The walk from Cain de Valdeón to Poncebos ( Cares Gorge) is just 7 miles. To drive there is 65 miles and 7,125ft of climb and 7,875 of decent, and when you get there, parking a 7.45m motorhome is nigh on impossible. So we went. Arriving late afternoon we needed to wait until most of the cars had gone then we secured one of the only near-level spot for Margo to sit it out till morning.
Our chosen spot was luckily right above the entrance to the funicular railway so in the morning we didn’t have far to go. Our plan was to take the funicular up the 400m to the village of Bulnes and save our energy for the steep descent back down to Poncebos.
Because of Covid-19, we were a bit concerned in case the train might be too crowded, we needn’t have worried as apart from us and the attendant there were two other tourists and three locals delivering bread.
There are no routes for vehicles up to the village so traditionally, the only options were the strenuous two-hour trail from Poncebos or the mountain path from Sortres 5 miles away.
We kept asking ourselves, why build a village here when it is so inaccessible, it’s mad, no really it is. Some might say it’s a hill farmers idyll but no. To want to live in this location is mad, completely bonkers! I bet in 2001 when the village found they could reach civilisation in 7 minutes – the villagers said “Nah, thanks very much but we’d prefer to walk”…!
Leaving the village we climbed up for 15 mins to the observation deck to Mirador Del Naranjo De Bulnes. Right so now I get it – If we build a house up here (Bulnes) we’ll be able to walk up the hill a bit and look at this big peak 10 miles away! Oh why didn’t you say so before!

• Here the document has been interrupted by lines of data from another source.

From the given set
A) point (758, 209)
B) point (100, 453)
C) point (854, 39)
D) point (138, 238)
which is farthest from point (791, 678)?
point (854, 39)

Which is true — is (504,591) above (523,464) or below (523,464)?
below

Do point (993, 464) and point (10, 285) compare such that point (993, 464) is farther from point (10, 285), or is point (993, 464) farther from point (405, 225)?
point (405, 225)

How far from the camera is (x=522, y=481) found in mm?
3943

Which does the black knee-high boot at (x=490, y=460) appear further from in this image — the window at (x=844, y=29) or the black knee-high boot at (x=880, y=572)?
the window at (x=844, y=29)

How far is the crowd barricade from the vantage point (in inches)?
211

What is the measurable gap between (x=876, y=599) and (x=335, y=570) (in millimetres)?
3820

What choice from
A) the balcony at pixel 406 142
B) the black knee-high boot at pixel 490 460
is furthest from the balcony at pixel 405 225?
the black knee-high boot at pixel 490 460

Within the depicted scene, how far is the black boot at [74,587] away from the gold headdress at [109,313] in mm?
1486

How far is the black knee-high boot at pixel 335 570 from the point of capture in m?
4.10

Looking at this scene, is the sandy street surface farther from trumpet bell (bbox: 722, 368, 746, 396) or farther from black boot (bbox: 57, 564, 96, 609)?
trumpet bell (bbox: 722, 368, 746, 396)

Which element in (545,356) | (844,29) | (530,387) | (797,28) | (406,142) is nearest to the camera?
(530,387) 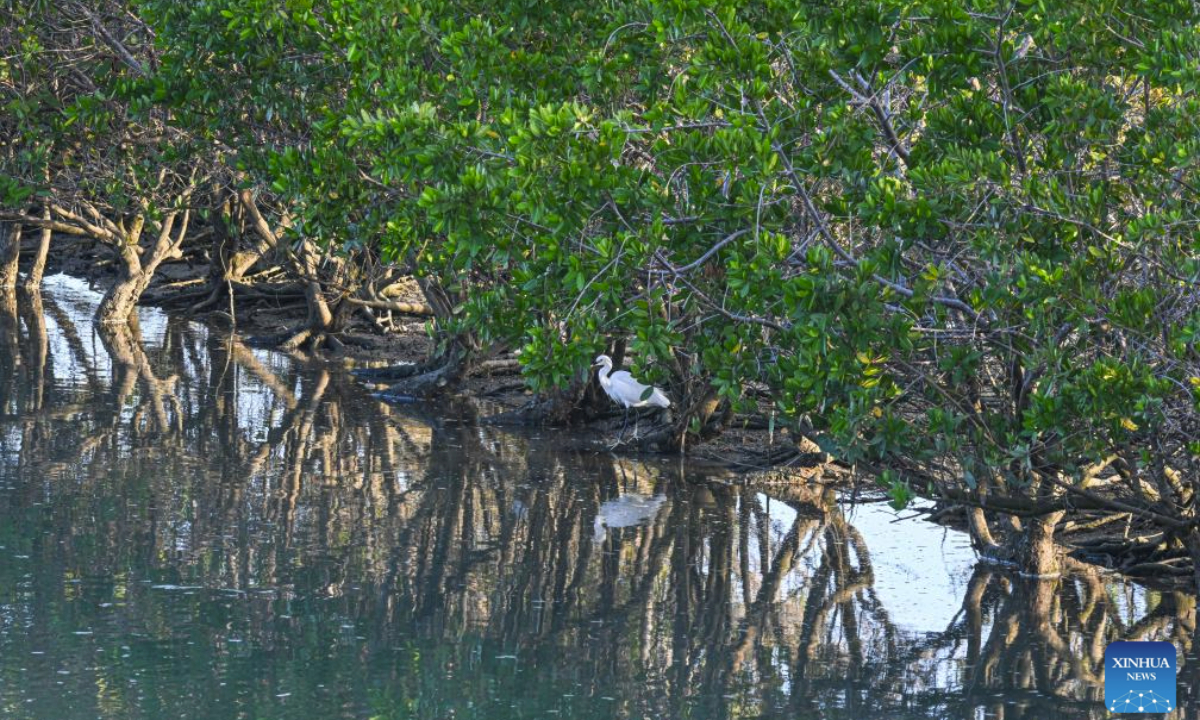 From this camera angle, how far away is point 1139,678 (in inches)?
307

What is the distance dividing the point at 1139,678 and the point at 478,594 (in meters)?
3.68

Daisy was a little camera shy at first, but once we’d paid her agent the royalty fee, she turned on the charm. She wasn’t really that bothered as the hillside grass was much more interesting.
The village is well kept and has rustic mountain charm and had a few quad bikes and ultra small trucks, which had presumably put the now redundant donkey out to enjoy its well deserved retirement A couple of restaurants appeared to be doing ok, but it wasn’t obvious if it was because of the tacky flora arrangements or in spite of them. When you live in this stunning landscape I don’t really think it needs brightly coloured plastic embellishments even if some are purple….
The 2 .5 mile path down must have been a real hard slog for the donkey to get supplies from Poncebos. In places it’s perilously steep, rocky and narrow. With two legs, going down is harder on the knees, however looking at the faces of the walkers we passed coming up (as we went down), I’m convinced that the 17 euros for the funicular is better spent coming up than going down.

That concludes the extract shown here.